Sailing is a sport, closely linked to Greece through the country’s history and long nautical tradition of our nation. Moreover, Greece combines the best weather and wind conditions along with an extended shoreline, boosting this way sailing avocation.

Nowadays, sailing figures in the chart of the most popular sports worldwide whilst thousands of people of all background and ages practise regularly their nautical skills in many different sailing boat categories. In this sport what counts more is the love for the wild nature and the strong will of sailors in order to use the wind propulsion for speeding their boat in a certain race track or travel route.

Furthermore, throughout sailing we can empower symbols of athletes cultivating will, confidence and determination practising at the same time body and soul.

There is a broad variety of kinds of races and also sailboats used for competitive sailing. Athletes according to their skills, age, body type and experience can sail from large open see yachts to dinghy vessels.

Despite the huge competitive interest, Sailing is not only for championship. On no account should Sailing be considered as an extremely peculiar sport for designated and distinguished athletes only. The truth is that almost anyone can participate without exception regardless of age, gender or physical limitations. Should anybody want to do sailing must have a strong will. Children from five to fifteen years old start sailing with optimist vessels which combine all safety measures along with great cruising possibilities. This step provides the ideal progress to make athletes well-educated and trained in order to cope with larger and faster vessels right after, according to their body type and interest.  

Sailing as a sport included in the Olympic Games in 1900 in Paris and since
1908 has been standing in all Olympic Timetables as a regular Olympic Sport. In the early Olympics, the sailing races were dominated by large vessels with crews, reached the number of twelve sailors while the winners were judged according to their penalty points.  In 1924 and since then a new trend in sailing organization brought about the smaller vessels to the forth ground.  Over the last twenty years, evolutionary equipment has resulted in the development of new vessels which is reflected also in pioneer techniques, strategy and sailing methods. Indicative is that during Athens Olympic games in 2004, only one fleet of vessel (lightning) had a crew of three, while five events had a single one.

Women were allowed to participate in the Olympic Games in mixed with men crews, but in 1988 the respected race committee instituted a separate event for women only. Moreover, mixed crews are allowed in other sailing events but not within the Olympic Games.  

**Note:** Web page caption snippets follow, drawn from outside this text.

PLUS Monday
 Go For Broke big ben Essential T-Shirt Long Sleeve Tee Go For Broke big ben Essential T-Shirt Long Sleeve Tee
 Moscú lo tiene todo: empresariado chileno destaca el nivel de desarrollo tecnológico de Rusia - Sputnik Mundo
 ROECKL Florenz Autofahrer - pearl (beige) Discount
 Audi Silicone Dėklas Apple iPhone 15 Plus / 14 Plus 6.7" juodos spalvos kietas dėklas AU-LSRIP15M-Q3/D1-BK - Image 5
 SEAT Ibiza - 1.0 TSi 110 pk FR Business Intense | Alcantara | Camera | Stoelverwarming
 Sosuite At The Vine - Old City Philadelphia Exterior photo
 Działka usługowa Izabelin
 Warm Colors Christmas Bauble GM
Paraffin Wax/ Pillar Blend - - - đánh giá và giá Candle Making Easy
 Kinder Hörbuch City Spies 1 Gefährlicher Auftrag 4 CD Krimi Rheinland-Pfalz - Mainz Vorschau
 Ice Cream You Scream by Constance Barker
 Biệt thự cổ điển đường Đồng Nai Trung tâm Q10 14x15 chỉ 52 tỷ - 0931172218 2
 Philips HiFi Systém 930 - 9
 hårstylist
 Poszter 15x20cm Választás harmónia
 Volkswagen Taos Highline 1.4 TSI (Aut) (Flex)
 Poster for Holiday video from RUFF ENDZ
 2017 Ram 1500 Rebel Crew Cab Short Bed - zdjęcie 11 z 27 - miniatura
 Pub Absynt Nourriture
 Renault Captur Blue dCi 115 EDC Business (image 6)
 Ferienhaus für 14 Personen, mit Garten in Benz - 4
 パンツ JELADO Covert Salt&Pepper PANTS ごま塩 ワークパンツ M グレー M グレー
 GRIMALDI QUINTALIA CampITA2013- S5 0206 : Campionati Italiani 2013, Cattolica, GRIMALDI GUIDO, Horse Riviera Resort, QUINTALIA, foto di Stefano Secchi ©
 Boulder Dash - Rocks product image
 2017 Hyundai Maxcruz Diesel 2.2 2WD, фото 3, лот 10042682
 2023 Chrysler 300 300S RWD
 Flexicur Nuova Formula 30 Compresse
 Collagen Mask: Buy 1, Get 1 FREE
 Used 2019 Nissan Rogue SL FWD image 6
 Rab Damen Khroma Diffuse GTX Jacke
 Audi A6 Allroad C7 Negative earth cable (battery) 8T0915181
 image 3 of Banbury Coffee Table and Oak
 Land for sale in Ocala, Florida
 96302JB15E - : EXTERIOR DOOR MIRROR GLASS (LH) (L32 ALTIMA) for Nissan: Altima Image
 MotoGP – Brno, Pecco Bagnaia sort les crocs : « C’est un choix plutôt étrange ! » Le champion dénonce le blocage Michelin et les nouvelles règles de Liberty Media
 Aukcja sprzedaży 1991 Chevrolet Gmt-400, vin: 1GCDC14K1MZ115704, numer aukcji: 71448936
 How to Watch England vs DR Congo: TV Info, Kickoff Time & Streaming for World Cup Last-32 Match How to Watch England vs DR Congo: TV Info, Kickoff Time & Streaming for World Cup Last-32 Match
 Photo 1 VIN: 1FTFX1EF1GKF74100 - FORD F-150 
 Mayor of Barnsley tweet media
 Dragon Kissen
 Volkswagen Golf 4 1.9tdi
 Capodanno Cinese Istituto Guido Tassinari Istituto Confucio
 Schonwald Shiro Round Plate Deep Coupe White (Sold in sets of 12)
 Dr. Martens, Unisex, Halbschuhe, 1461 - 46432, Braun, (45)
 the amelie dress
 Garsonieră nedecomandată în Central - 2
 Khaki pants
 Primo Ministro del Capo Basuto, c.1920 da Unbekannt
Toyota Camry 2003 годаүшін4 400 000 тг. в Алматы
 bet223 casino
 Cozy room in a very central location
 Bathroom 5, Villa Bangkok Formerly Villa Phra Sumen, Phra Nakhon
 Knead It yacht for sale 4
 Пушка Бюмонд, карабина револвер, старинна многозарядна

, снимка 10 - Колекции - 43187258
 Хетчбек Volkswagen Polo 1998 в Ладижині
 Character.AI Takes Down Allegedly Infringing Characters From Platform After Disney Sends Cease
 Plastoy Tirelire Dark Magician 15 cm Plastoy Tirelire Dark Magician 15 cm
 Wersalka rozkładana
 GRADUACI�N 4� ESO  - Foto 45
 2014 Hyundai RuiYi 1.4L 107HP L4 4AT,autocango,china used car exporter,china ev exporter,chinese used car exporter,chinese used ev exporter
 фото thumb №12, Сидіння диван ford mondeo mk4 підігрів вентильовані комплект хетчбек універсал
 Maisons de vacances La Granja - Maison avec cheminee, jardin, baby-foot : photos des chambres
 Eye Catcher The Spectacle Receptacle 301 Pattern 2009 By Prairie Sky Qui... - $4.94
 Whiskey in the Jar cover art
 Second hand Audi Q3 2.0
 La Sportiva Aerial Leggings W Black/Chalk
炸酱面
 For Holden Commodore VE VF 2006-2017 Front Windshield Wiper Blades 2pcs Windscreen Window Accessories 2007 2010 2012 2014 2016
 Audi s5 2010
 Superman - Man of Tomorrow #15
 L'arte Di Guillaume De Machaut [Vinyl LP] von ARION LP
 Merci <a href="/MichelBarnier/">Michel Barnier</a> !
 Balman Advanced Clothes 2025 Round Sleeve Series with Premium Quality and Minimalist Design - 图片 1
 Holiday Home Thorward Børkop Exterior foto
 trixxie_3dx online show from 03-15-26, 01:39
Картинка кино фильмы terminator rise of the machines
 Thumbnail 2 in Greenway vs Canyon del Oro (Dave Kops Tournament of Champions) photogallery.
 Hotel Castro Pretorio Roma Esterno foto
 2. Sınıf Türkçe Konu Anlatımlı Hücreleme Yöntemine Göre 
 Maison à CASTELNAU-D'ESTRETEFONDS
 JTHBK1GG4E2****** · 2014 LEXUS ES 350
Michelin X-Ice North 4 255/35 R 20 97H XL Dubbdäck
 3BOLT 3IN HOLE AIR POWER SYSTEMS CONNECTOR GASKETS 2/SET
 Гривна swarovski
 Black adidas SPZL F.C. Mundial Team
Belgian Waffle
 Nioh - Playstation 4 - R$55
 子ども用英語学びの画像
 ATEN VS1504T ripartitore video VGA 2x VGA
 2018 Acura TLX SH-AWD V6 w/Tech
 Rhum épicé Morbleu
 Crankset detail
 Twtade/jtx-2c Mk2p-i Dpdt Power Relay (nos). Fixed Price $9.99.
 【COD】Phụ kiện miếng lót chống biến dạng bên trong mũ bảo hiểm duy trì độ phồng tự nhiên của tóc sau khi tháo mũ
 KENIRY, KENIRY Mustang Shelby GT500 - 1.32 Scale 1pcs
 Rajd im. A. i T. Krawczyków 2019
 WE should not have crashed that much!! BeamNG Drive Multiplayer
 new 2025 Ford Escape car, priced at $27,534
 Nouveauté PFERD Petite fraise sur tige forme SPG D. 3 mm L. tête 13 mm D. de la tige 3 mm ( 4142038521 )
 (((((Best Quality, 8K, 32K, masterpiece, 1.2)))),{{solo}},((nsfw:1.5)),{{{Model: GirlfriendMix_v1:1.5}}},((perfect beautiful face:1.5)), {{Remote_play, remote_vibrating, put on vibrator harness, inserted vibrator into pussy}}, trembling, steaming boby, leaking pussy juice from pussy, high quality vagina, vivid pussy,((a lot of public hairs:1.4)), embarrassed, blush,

Τo the question “why people love sailing?” I couldn’t find a better answer than what J.F. Kennedy released as a remark at the dinner for the America’s Cup Crews, in September 1962.
“I really don’t know why it is that all of us are so committed to the sea, except I think it’s because in addition to the fact that the sea changes, and the light changes, and ships change, it’s because we all came from the sea. And it is an interesting biological fact that all of us have in our veins the exact same percentage of salt in our blood that exists in the ocean, and, therefore, we have salt in our blood, in our sweat, in our tears. We are tied to the ocean. And when we go back to the sea – whether it is to sail or to watch it – we are going back from whence we came.”